Finally, the attention weights are updated proportionally to the weighted feedback signal:

$$\begin{array}{l}{\mathbf{a}}_{t + 1}|{\mathrm{right}} = \left( {1 - r} \right){\mathbf{a}}_t + r{\mathbf{s}}_t\\ {\mathbf{a}}_{t + 1}|{\mathrm{wrong}} = \left( {1 - p} \right){\mathbf{a}}_t + p{\mathbf{s}}_t\end{array},$$

where r and p (reward and punishment sensitivity) are two weighting factors (free parameters).

Model comparison

We compared the full Bishara model (here called RPDF) against three other degenerate versions of the model that fixed one of the four estimable parameters to test the necessity of the different parameters. The first model variant (RRDF) assumed only a single common learning rate for reward and punishment. Given the importance of the P parameter for perseverative errors and the observed difference between R and P in our model parameters, comparison to this variant showed that two different estimable learning rates are essential for modeling our data with the Bishara model.

The second model variant (RP1F) fixes the decision consistency parameter D to 1 and restricts the decision noise to a moderate level. Low values of D lead to random choices and high values of D lead to choices that are strongly driven by the differences in the attention weights. Comparison with this model variant demonstrates whether a freely varying decision consistency parameter across participants leads to a better fit of the full model, which captures the between-subject variance in choice consistency.

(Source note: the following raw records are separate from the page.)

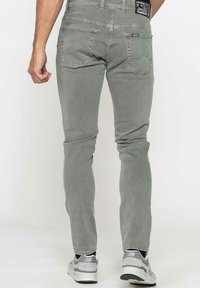 Jean en denim gris avec une coupe ajustée, comportant deux poches arrière et une étiquette sur la taille. Porté avec des chaussures de sport gris clair.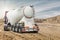 A large cement truck brought cement to the construction site. Powerful modern construction equipment. Delivery and transportation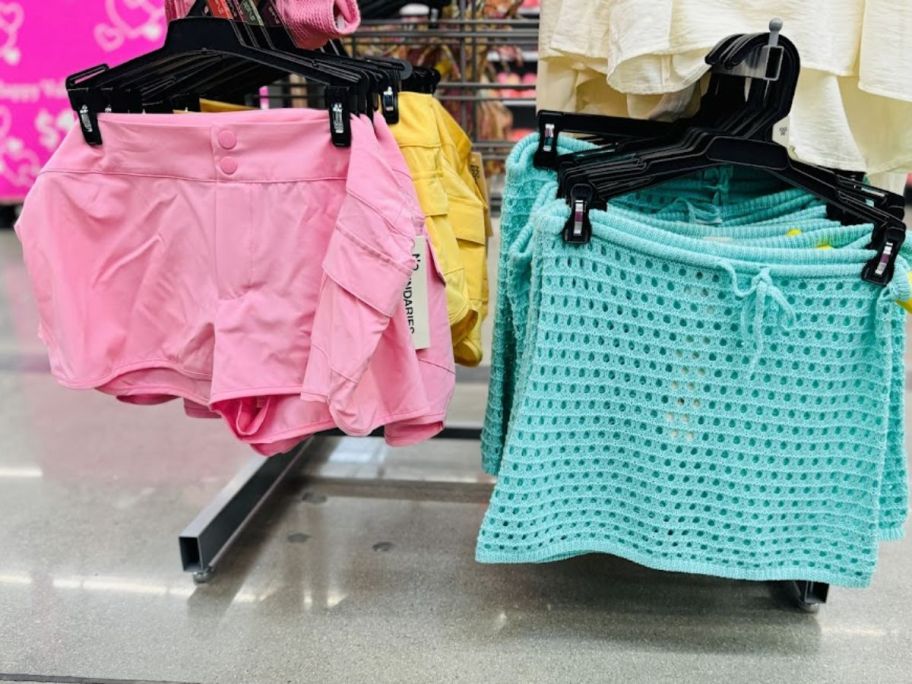 pink board shorts and an aqua colored swim coverup skirt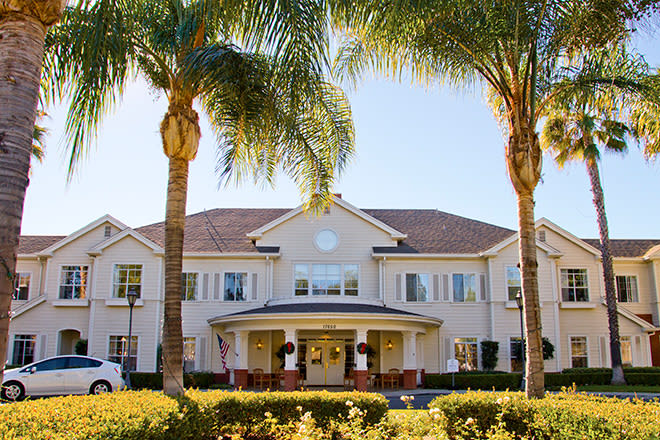 A large building with palm trees and a well-maintained entrance on a sunny day.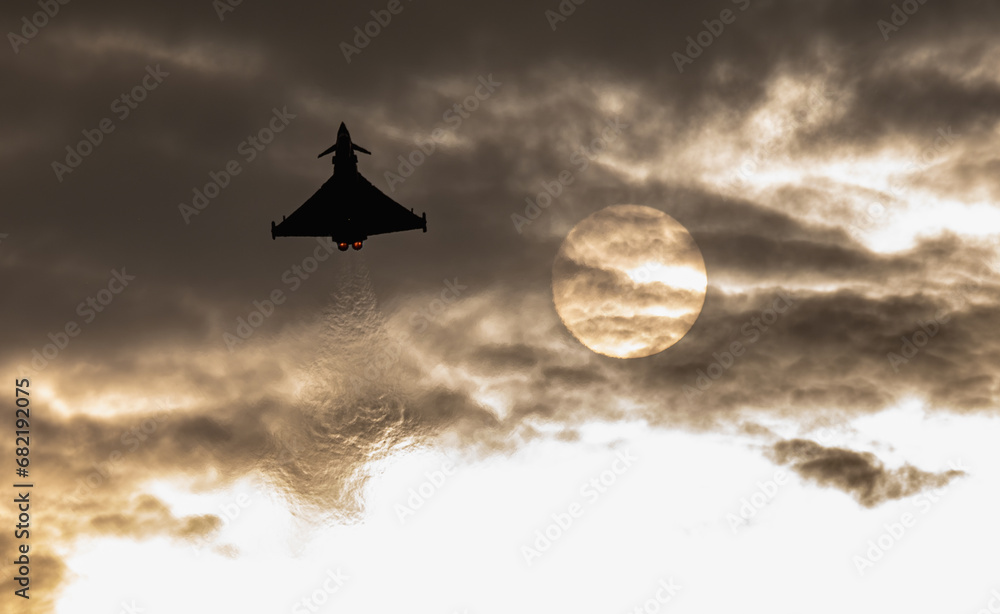 Samolot wojskowy na tle słońca - obrazy, fototapety, plakaty 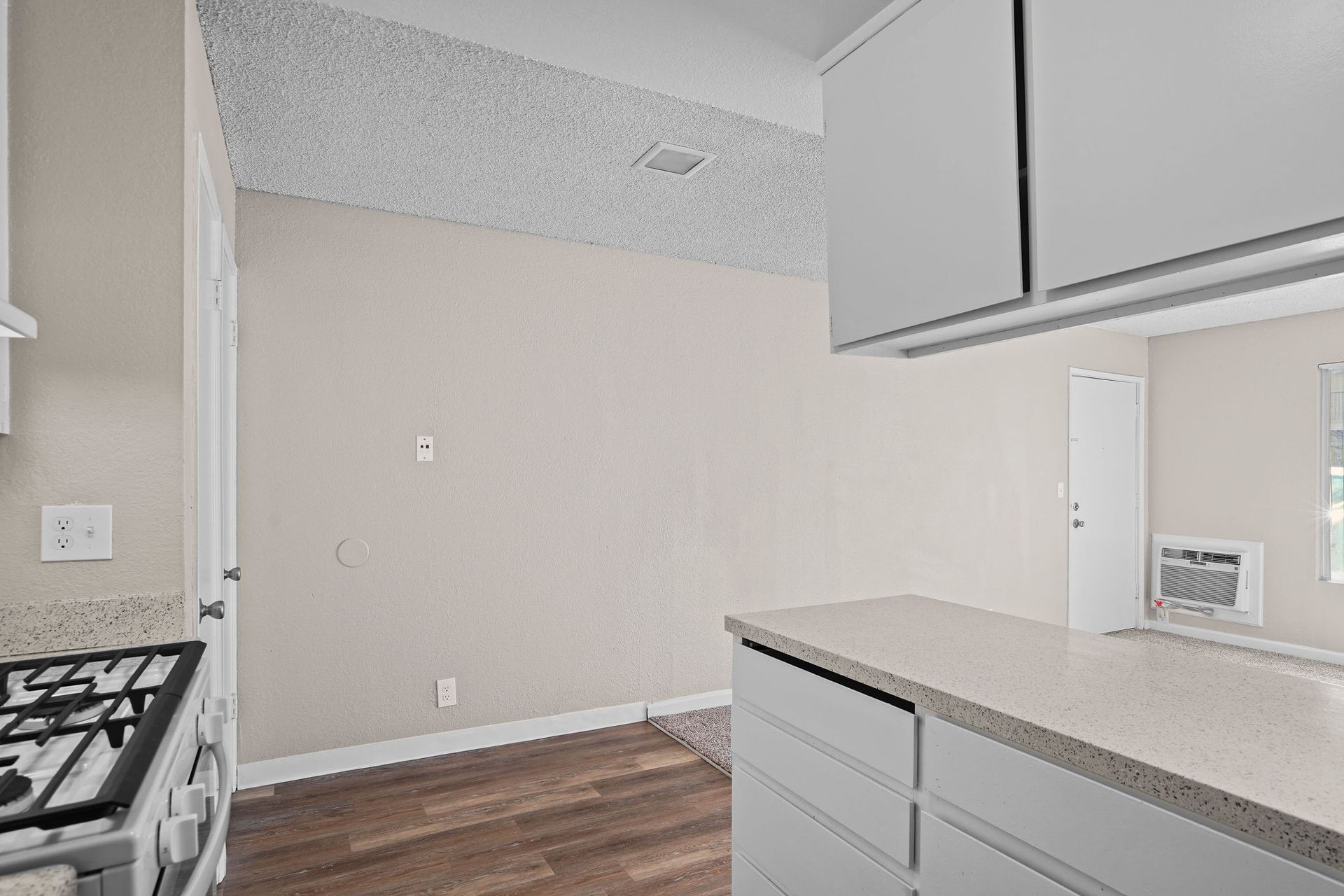 Empty kitchen with white cabinets, beige walls, and wood flooring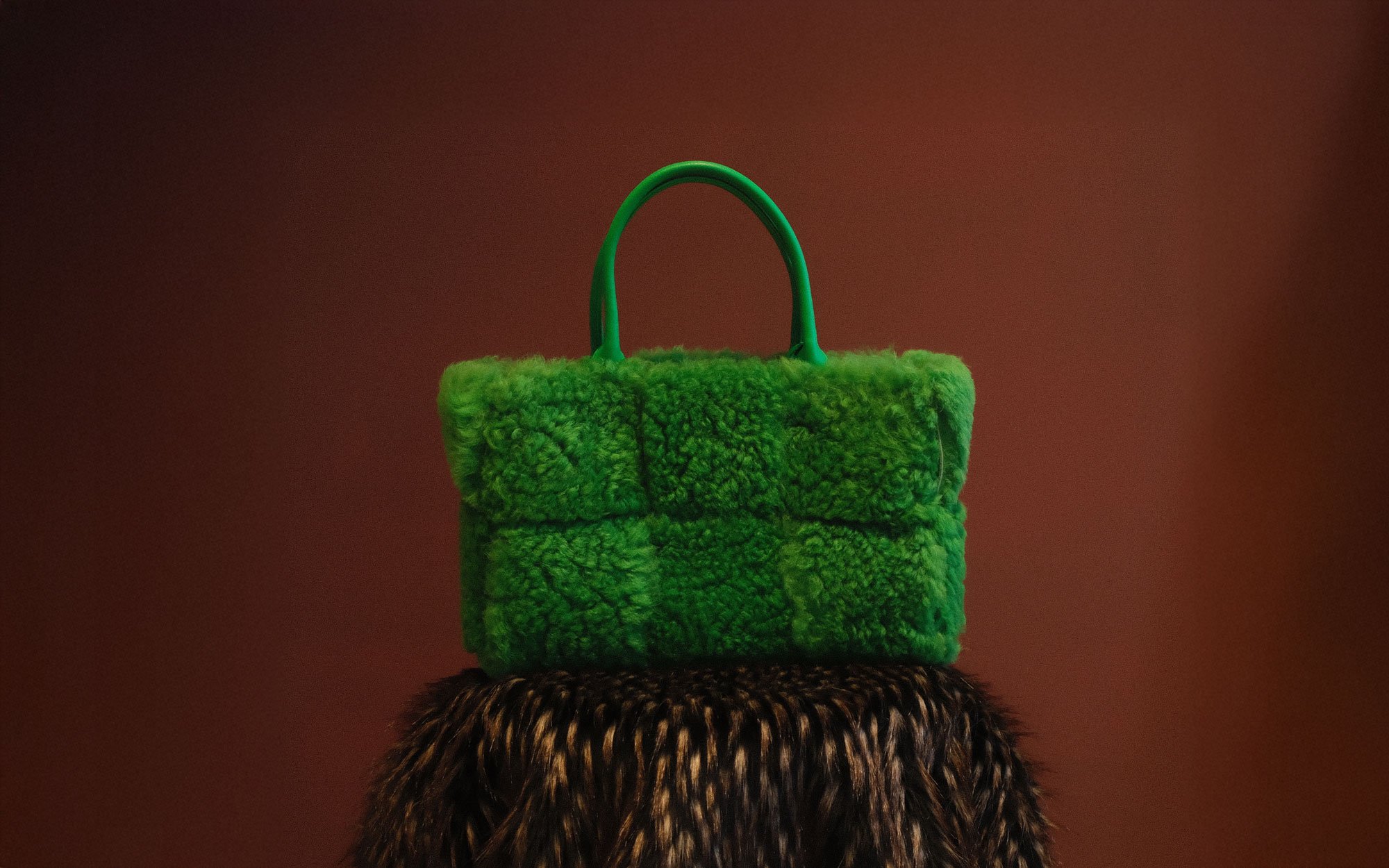 A person wearing a brown knit sweater carries a black Loewe leather shoulder bag with a silver chain detail.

The third model variant (RPD0) fixes the attentional focus parameter F to 0 leading to the update of all attention weights equally. A parameter of F = 1 updates the attention weights proportional to their current values. Higher F values lead to increasing focus on only the dimension of the higher attention weight and this in turn increases perseverative errors (Supplementary Figure 4). Comparison of the full model against this variant shows whether a freely estimable F parameter leads to a better model fit, underscoring that patients with PFC lesions exhibit suboptimal attentional focusing.

We calculated the deviance information criterion (DIC) to formally compare between these different versions of the model. DIC takes accuracy of the model fit (deviance) and model complexity (effective number of parameters) into account. In Table 2 we present ΔDIC values where we subtracted the DIC score of one of the model variants from the DIC score of a randomly choosing agent (DICrandom = −2 × log(0.25) for a 4-option choice for all trials and participants). Here, higher values indicate better model fit.

Model estimation

The model was fitted to the behavioral data using Bayesian estimation65 by estimating the actual posterior distribution of the model parameters at the individual participant level. Supplementary Figure 2 shows a graphical representation of the model. Computation of the posterior was conducted using Markov Chain Monte Carlo (MCMC) sampling using the JAGS software66. Individual model parameters were summarized by the posterior mode (maximum a posteriori (MAP)) as a point estimate. These values were then used as inputs for the lesion mapping and cluster analysis.

Lesion mapping analysis

All neuroanatomical data were mapped using MAP-367. Because the neuroanatomical data were manually traced by a neuroanatomical expert (Hanna Damasio) to a stereotaxic template (for details see Supplementary Note 2), no automated spatial normalization was required. We used VLSM68 to identify the neural correlates associated with lower values of our four model parameters. We used the Brunner–Munzel test at a threshold of 1% FDR, which corresponds to a critical Z-threshold of 3.1. This test is implemented in the “Nonparametric Mapping (NPM)” tool (version 2 May 2016) that is a part of the MRIcron software package36 ( We placed an initial lower bound on statistical power by including in all subsequent analyses only those voxels having a lesion overlap from at least 12 patients. See Supplementary Information for details.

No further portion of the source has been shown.